Here's what pisses me off.  Yesterday I was getting close to a free drink, I noticed in the little app.  Two more stars to go.  Woo hoo!  Today I bought a $4.65 mocha, a panini sandwich, and a water, and used my app to pay....

I got an incredibly unfriendly alert that popped up and said, "You have failed to meet the minimum criteria to maintain membership.  Your reward stars have been reset to 0."

I stared at it in disbelief.  This is how they reward their best customers!  Gamification is one thing, but actually penalizing me for not earning 30 stars in some arbitrary amount of time -- and how exactly am I supposed to do that if you reset my count to 0?

This is appalling to me, and actually made me upset, right there at the cash register.  I got totally, completely pissed off at Starbucks, and vowed to boycott them.

Is that what you want with your "Rewards" program, Starbucks?  To piss off one of your best customers with your little star program, to the point where he doesn't want to come back into your stores, and will be considering Peet's or some other worthy competitor from now on?

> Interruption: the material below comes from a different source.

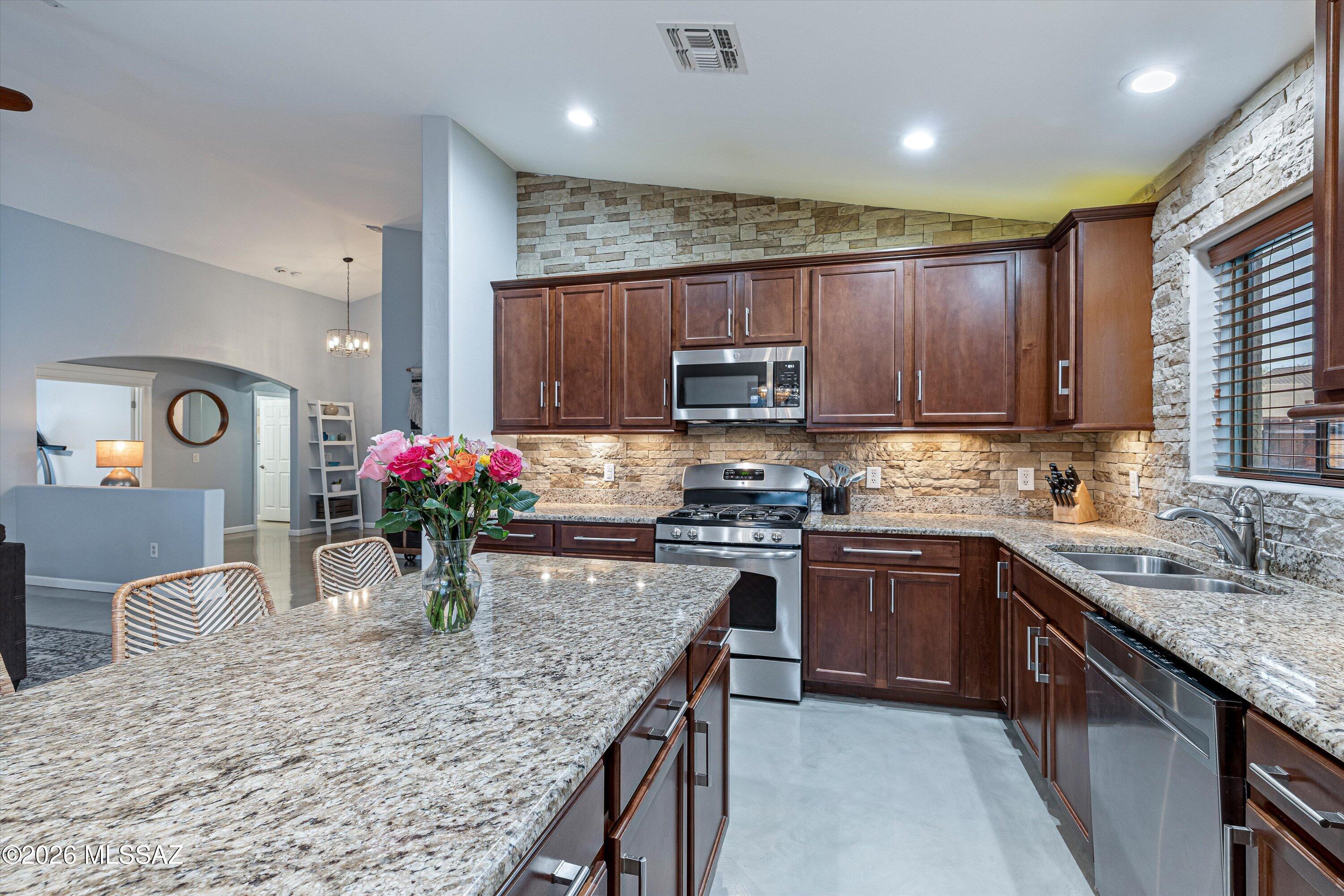 Continental Reserve Blk. 16B (1-86) - Residential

Congratulations to your brain-dead rewards marketing team for totally screwing up what once really did feel like a "gold" program, and made me happy to buy coffee at absurdly inflated prices.  No more.  No more.

[Epilogue/update: 5/2/13]

A friend happened to post something on Starbucks wall at almost the same time yesterday that I posted this, complaining in almost the same way about no longer wanting to remain loyal to Starbucks.  I put a comment on her post, mentioning this blog entry.  I think a Starbucks employee must have read my comment, and this blog post, because I got the below email today.  I am undecided whether or not this suggests great customer service and I am happy again (a possibility) or whether it is impersonal (no actual contact from customer service, just this email) and lame and would not have happened had I not complained publicly.  Whether or not I am Gold is somewhat beside the point -- they need to seriously revisit the reward system because it is not, in fact, set up to reward actual loyal customers; it's more like a video game where you can periodically get a "game over" screen and have to replay the whole level.  Who wants that in a coffee rewards system?

My Starbucks Rewards? Rewards Status Check Balance Reload a Card Send an eGift
Here's to another glowing year at Gold. Raise a mug to celebrate.
Thanks for staying. The 30 Stars you earned keeps you at the Gold level another year. Here's to another year of rewards galore.

You're on a roll, so keep earning those Stars. Another 30 within a year keeps you at Gold level for yet another year. We're hoping this will be a happily ever after type of thing.

[Epilogue/update: 5/22/13]

I've decided I forgive Starbucks, and have reloaded my card twice since posting this article.  The baristas are great, and overall it's a great company.